BUCAREST (Reuters) - Nicolas Sarkozy est arrivé lundi à Bucarest pour une visite de cinq heures au cours de laquelle doit être signé un accord de "partenariat stratégique" entre la France et la Roumanie.
Cette visite éclair dans ce pays de 22 millions d'habitants s'inscrit aussi dans le cadre de la préparation de la présidence française de l'Union européenne, au second semestre.
Dans une interview au quotidien roumain Evenimentul Zilei, le président français dit vouloir "redynamiser" les relations entre la France et la Roumanie, pays francophone et francophile mais qui s'efforce également de se rapprocher des Etats-Unis.
"Il nous faut maintenant franchir une étape supplémentaire dans notre partenariat avec la Roumanie, septième pays de l'Union européenne par la taille et qui est aussi un membre actif de l'Otan, dont elle accueillera d'ailleurs le sommet en avril prochain", déclare Nicolas Sarkozy.
"La Roumanie sera le premier pays d'Europe centrale avec lequel la France va signer un partenariat stratégique", ajoute-t-il. Cet accord implique "le renforcement de notre dialogue politique, de nos échanges économiques, de notre coopération en matière de sécurité et de défense, de nos partenariats scientifiques et universitaires."
Le président français souhaite notamment que Paris et Bucarest intensifient leur "dialogue" sur la politique énergétique, la politique européenne de défense et de sécurité et la réforme de la politique agricole commune.
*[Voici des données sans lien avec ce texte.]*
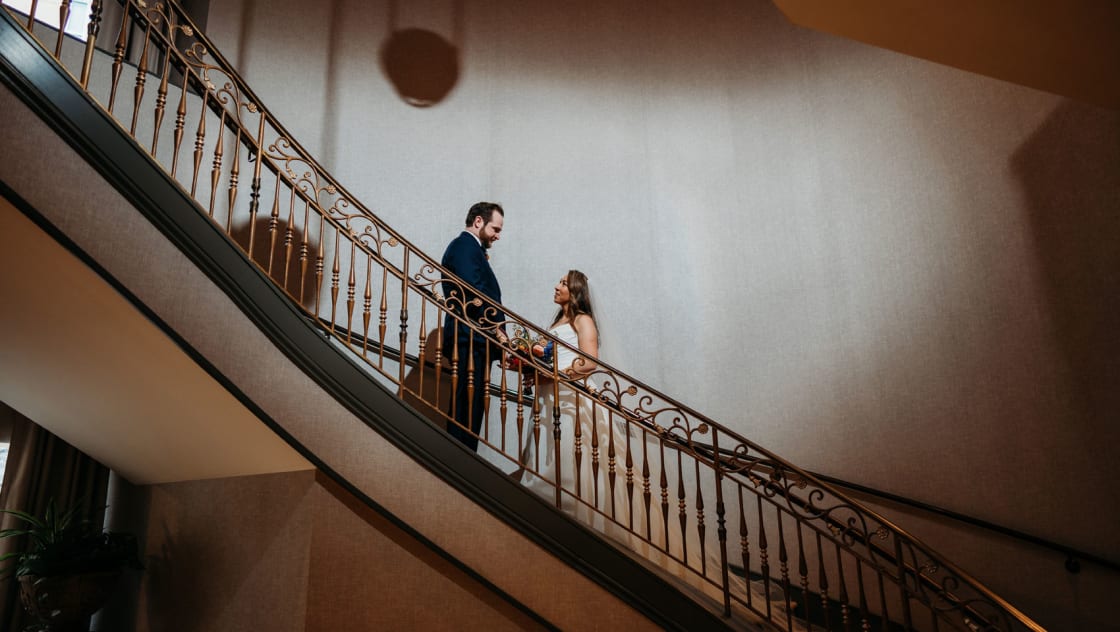 bride and groom on staircase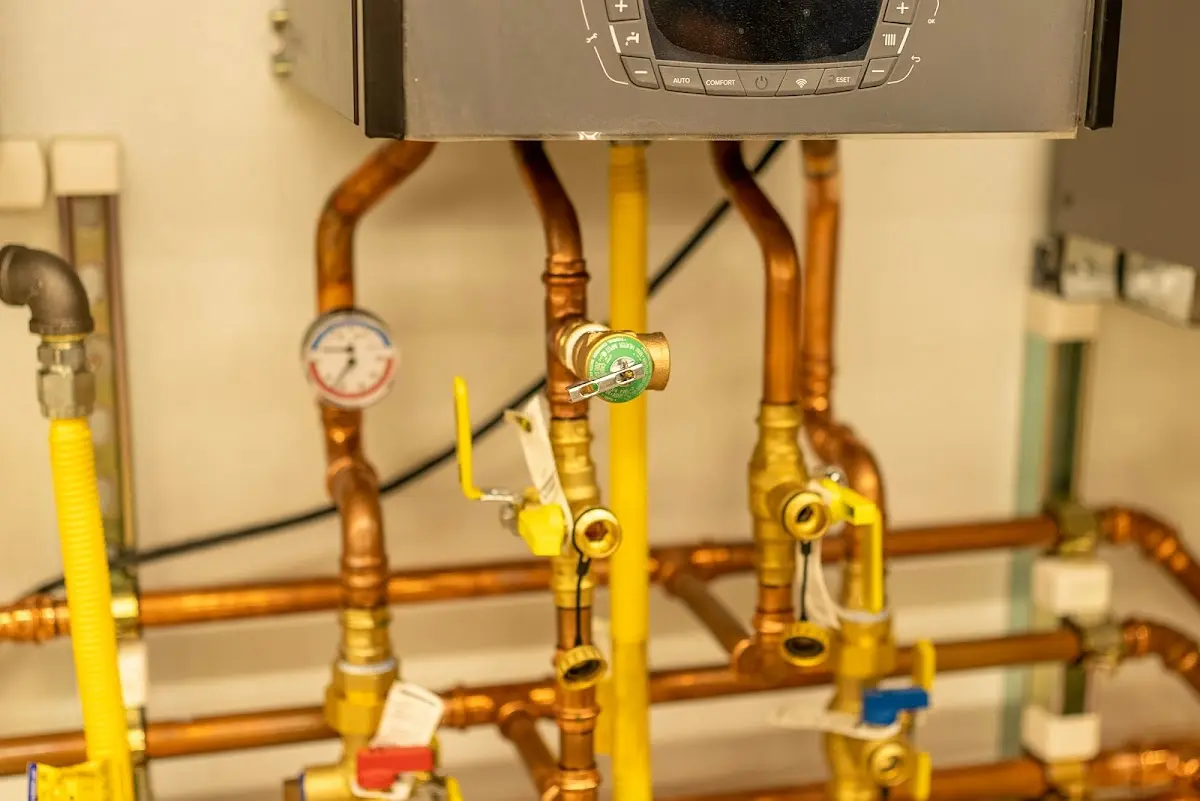 Licensed technician providing Backflow Prevention for a homeowner in Acme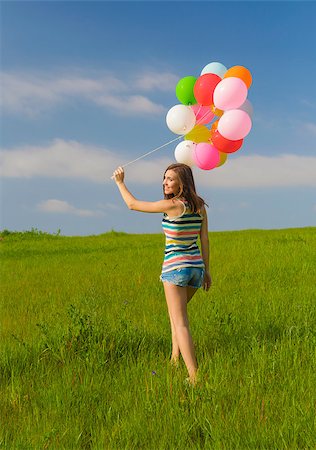 simsearch:400-06077546,k - Young beautiful woman with colorful balloons on a green meadow Stockbilder - Microstock & Abonnement, Bildnummer: 400-07659386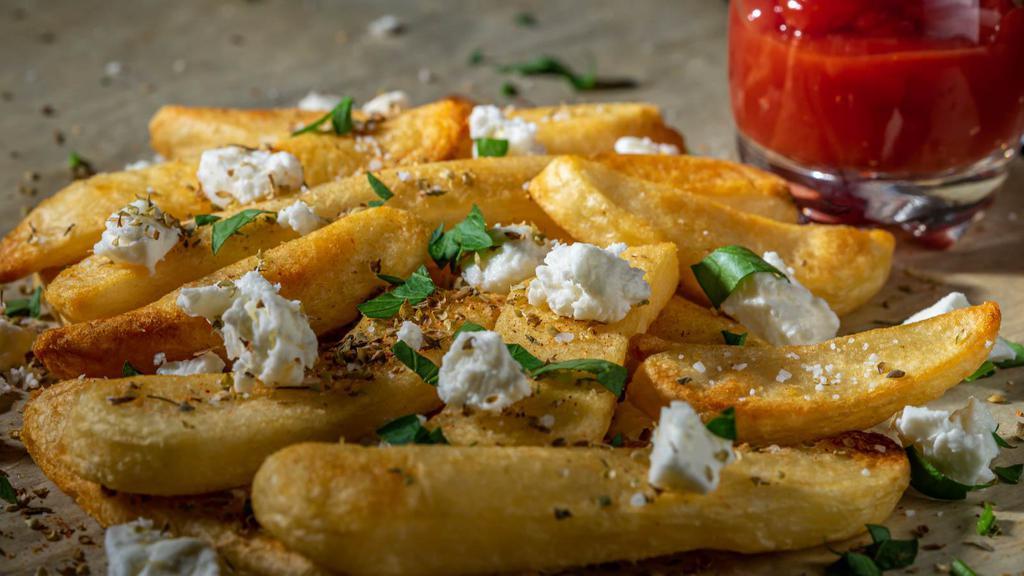 Greek Fries · A must try! Our signature golden, crispy fries seasoned with oregano, dill, garlic and house seasonings.
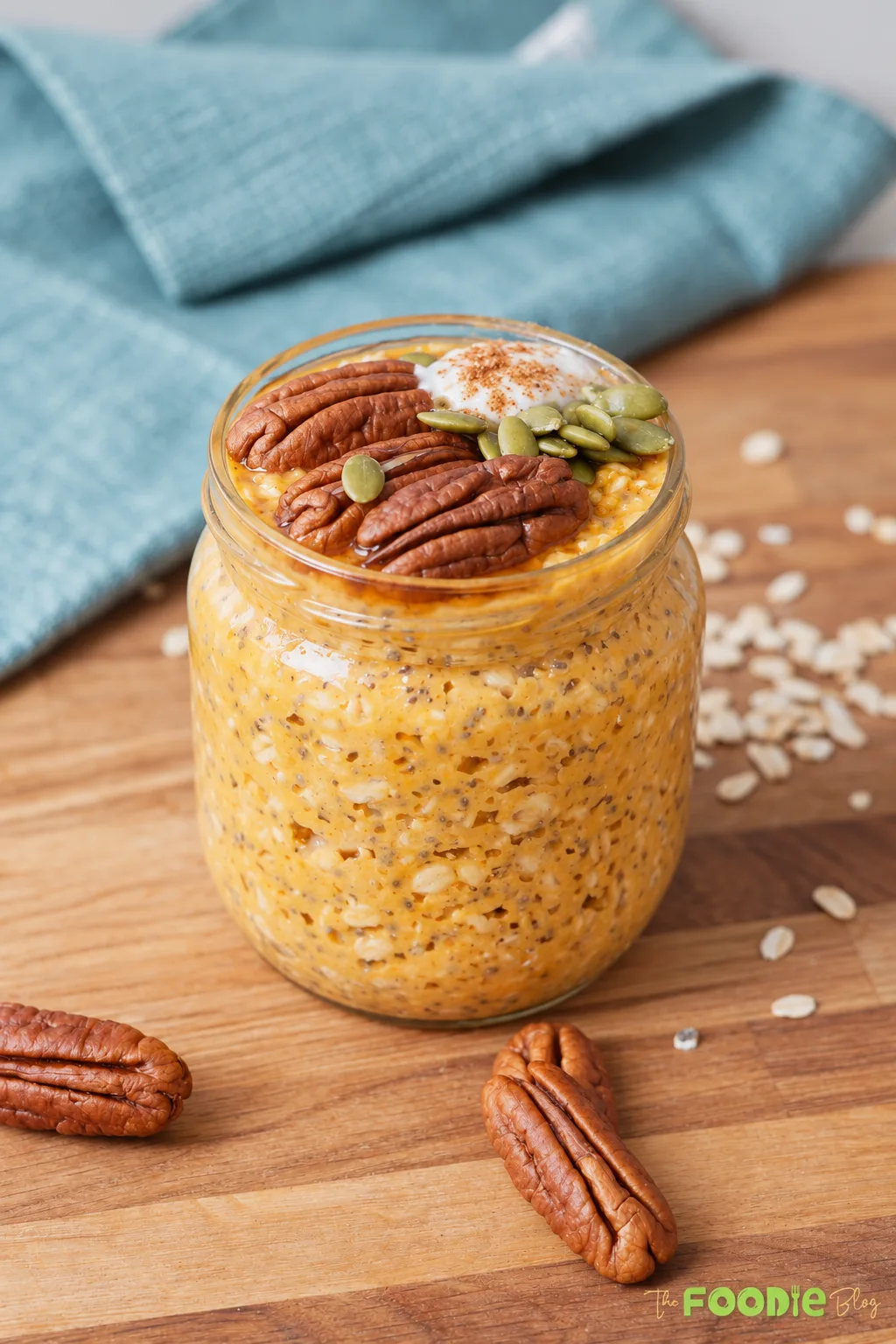 Pumpkin pie overnight oats topped with pecans, pepitas, Greek yogurt, and pumpkin pie spice in a glass jar.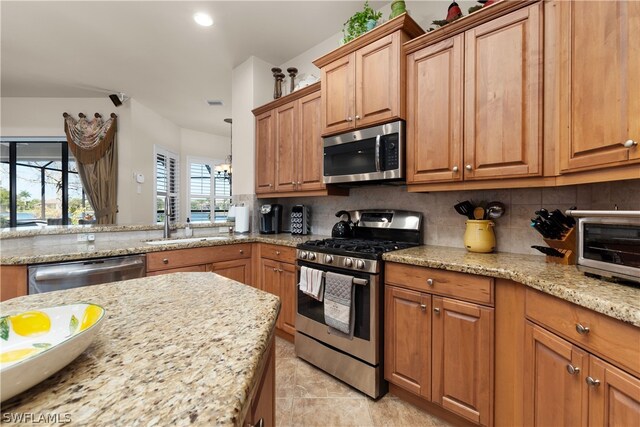 kitchen featuring appliances with stainless steel finishes, light tile patterned floors, backsplash, and light stone countertops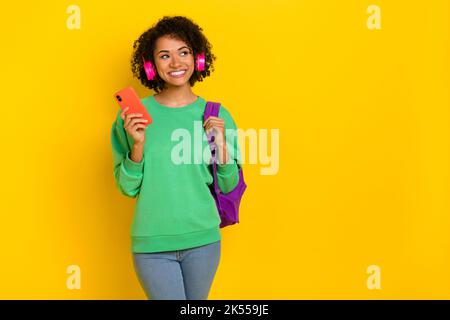 Ritratto di ragazza attraente sguardo occupato spazio brainstorm tenere zaino isolato su sfondo giallo Foto Stock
Le Commissariat français à l'énergie atomique et un organisme de recherche roumain envisagent de signer un accord dans ce domaine. De son côté, le groupe Areva envisagerait de se porter candidat pour la construction d'une centrale nucléaire en Roumanie, ajoute-t-on de même source.
En matière d'échanges économiques, une des plus grandes réussites franco-roumaines est l'usine Renault-Dacia qui produit notamment la Logan, dans la région de Bucarest, et qui est devenue le deuxième exportateur de la Roumanie.
La France n'est cependant que le troisième pays étranger investisseur en Roumanie et son cinquième fournisseur, après l'Allemagne, l'Italie, la Hongrie et la Russie.
TOURNER LA PAGE DE LA GUERRE D'IRAK
Selon une source française, la corruption, contre laquelle le président Traian Basescu a promis de lutter, "complique beaucoup" les relations économiques.
L'ancien pays communiste est un des pays européens qui ont envoyé des soldats aux côtés des troupes américaines en Irak (un peu plus de 700 hommes aujourd'hui). Elle a aussi accepté d'accueillir deux bases américaines.
"Mais les Roumains n'ont pas été vraiment payés en retour", estime-t-on de source diplomatique française.
"La Roumanie est un peu isolée et à la recherche d'une partenaire privilégié. Les Roumains sont donc très contents de la venue de Nicolas Sarkozy", ajoute-t-on de même source.
Dans son interview à Evenimentul Zilei, Nicolas Sarkozy manifeste son intention de tourner la page de la guerre d'Irak, contre laquelle s'était élevé son prédécesseur Jacques Chirac, qui avait reproché aux pays d'Europe centrale alliés des Etats-Unis d'avoir "manqué une bonne occasion de se taire".
"Il ne s'agit pas de refaire l'histoire", dit le président français. "Tout le monde est aujourd'hui dans une logique de retrait d'Irak. A ma connaissance, la Roumanie aussi, même si elle n'a pas pour le moment décidé d'un calendrier."
On estime de source diplomatique française que les Roumains ont fait "deux cadeaux" à la France : la décision de la Roumanie de participer à la force européenne au Tchad à hauteur de 120 hommes et celle de lancer le processus de ratification du traité de Lisbonne sur les institutions européennes immédiatement après une allocution de Nicolas Sarkozy devant le Parlement roumain.
Sa visite intervient le jour même où le Parlement français réuni en Congrès vote pour sa part la révision constitutionnelle préalable à la ratification de ce traité par la France.
Outre son allocution au Parlement roumain et la signature du partenariat stratégique, Nicolas Sarkozy devait rencontrer Traian Basescu et le Premier ministre Calin Tariceanu.